The tack pennant of the storm trysail can be made fast to large cleats mounted low down on the sides of the mast, below the gooseneck. A small turning block, attached to the cleat of one side will allow the tack pennant to be secured to both anchoring points and yet easily adjusted as the sail is raised or lowered.
The clew of a storm trysail can be sheeted to the main boom with a strong lashing, or it can be led through a block attached to a strong point on either side of the deck near the cockpit. Here again, a very short, stout pennant leading from the clew might make attachment of sheeting arrangements somewhat easier as well as making a recapture of the clew easier should it inadvertently let loose and begin to flog wildly in storm winds. When a storm trysail is sheeted to the deck, the sheet can be led outboard to somewhere near the rail for running with the wind, or it can be led to a point closer to the centerline.
Storm trysails are not necessarily tiny little handkerchiefs of heavy sail cloth. Some, in fact, can be rather large to begin with, but can be reefed down to a much smaller size if further sail reduction is warranted by extremely strong storm conditions. And, of course, the reefing cringles and reef points should be strong.
There is probably no better argument in support of the installation of a strong boom gallows on a cruising yacht than for use as a resting place for the boom when a boat is sailing under a storm trysail. A loose boom in any sort of rough sailing conditions can create a situation of extreme danger and must be avoided at all costs. With that in mind, the many uses of a boom gallows are easy to imagine.
In addition to the trysail, think about your onboard headsail inventory as well. To undertake an ocean voyage in a modern yacht without a variety of headsails, and the ability to change them at will, is not recommended. Regardless of how many fancy big headsails you have aboard, you need small ones as well. And that generally means one small sail and one even smaller sail.
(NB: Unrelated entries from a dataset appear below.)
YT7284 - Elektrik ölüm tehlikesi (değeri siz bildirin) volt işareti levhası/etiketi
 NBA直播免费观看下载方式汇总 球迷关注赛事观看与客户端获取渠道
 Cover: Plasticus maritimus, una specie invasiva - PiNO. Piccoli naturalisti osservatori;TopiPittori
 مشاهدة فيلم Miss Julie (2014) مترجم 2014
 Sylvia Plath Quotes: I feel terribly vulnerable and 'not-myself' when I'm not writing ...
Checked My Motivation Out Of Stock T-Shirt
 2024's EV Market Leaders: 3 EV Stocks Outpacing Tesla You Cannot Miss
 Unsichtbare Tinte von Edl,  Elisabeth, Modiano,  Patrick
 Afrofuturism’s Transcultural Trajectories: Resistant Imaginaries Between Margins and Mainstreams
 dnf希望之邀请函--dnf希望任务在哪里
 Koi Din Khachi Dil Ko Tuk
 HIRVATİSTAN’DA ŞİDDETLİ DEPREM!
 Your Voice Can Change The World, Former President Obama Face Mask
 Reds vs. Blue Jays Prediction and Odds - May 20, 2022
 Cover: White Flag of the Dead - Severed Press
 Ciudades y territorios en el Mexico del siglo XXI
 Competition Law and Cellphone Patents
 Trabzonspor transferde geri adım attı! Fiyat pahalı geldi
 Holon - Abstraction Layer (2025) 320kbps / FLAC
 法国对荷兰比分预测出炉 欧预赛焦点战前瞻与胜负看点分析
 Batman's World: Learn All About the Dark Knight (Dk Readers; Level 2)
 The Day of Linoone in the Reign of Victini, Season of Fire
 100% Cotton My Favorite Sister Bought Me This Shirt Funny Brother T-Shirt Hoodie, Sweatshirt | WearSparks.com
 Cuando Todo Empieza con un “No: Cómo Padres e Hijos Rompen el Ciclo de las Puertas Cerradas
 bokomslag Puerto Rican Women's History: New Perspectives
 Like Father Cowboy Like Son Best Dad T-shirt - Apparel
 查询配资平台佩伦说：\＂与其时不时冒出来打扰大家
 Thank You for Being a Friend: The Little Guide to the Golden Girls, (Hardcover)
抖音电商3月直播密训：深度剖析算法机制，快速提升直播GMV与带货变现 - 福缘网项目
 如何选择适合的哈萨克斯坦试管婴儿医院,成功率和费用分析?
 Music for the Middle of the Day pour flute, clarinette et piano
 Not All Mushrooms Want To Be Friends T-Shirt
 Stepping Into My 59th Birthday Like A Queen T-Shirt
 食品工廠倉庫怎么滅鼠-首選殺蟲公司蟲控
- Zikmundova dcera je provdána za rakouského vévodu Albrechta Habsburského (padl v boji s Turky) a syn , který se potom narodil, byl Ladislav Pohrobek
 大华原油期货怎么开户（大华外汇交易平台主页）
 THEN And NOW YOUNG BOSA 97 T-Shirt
The usefulness of the good old “working jib” is amazing. This is the sail that fills something just under 100 percent of the fore triangle. With a single- or double-reefed main and a working jib, most sailboats can handle a wide variety of wind conditions. And the working jib can be carried quite effectively in a moderating breeze as well, perhaps as the main is unreefed in stages, thus allowing a crew to postpone a sail change to a larger headsail until a more convenient time.
Some old-time sailors insisted on building a set of reef points and reefing cringles into their working jibs, or into a slightly larger headsail such as a 110% genoa. This would facilitate a moderate reduction in sail area forward of the mast without the hassle of actually changing down to a smaller sail. There is still some work involved, however, and a reefed jib is not always the neatest-looking arrangement — some sailors complain that it is difficult to safely secure the clew area of the sail because there is no boom on which to secure the sail. Perhaps this arrangement is really better suited for very temporary reductions in sail areas or for less demanding coastwise situations.
When it comes time to reef a working headsail, it is probably time to think about setting up the larger of your two storm jibs or dropping back to a staysail hanked to an inner forestay. The permanent or removable inner forestay is truly a wonderful piece of rigging for an offshore sailing vessel. It is such a comforting feeling to be able to set up a modest but effective staysail entirely on deck and not too far forward of the mast when conditions are beginning to turn nasty. Everyone has admired the look and the feel of a properly snugged down cutter holding her own quite nicely in a gale under reefed main and staysail. If your boat does not presently have some sort of inner forestay, this might be an excellent time to begin thinking about what would be involved in fitting one.
Most boat owners have to go through a certain amount of trial and error in determining the best place for sheet lead blocks for working jibs and smaller sizes of storm jibs. It may be necessary to install heavy-duty pad eyes at key locations on deck for sheet lead blocks as new heavy-weather sails are added to a boat’s inventory.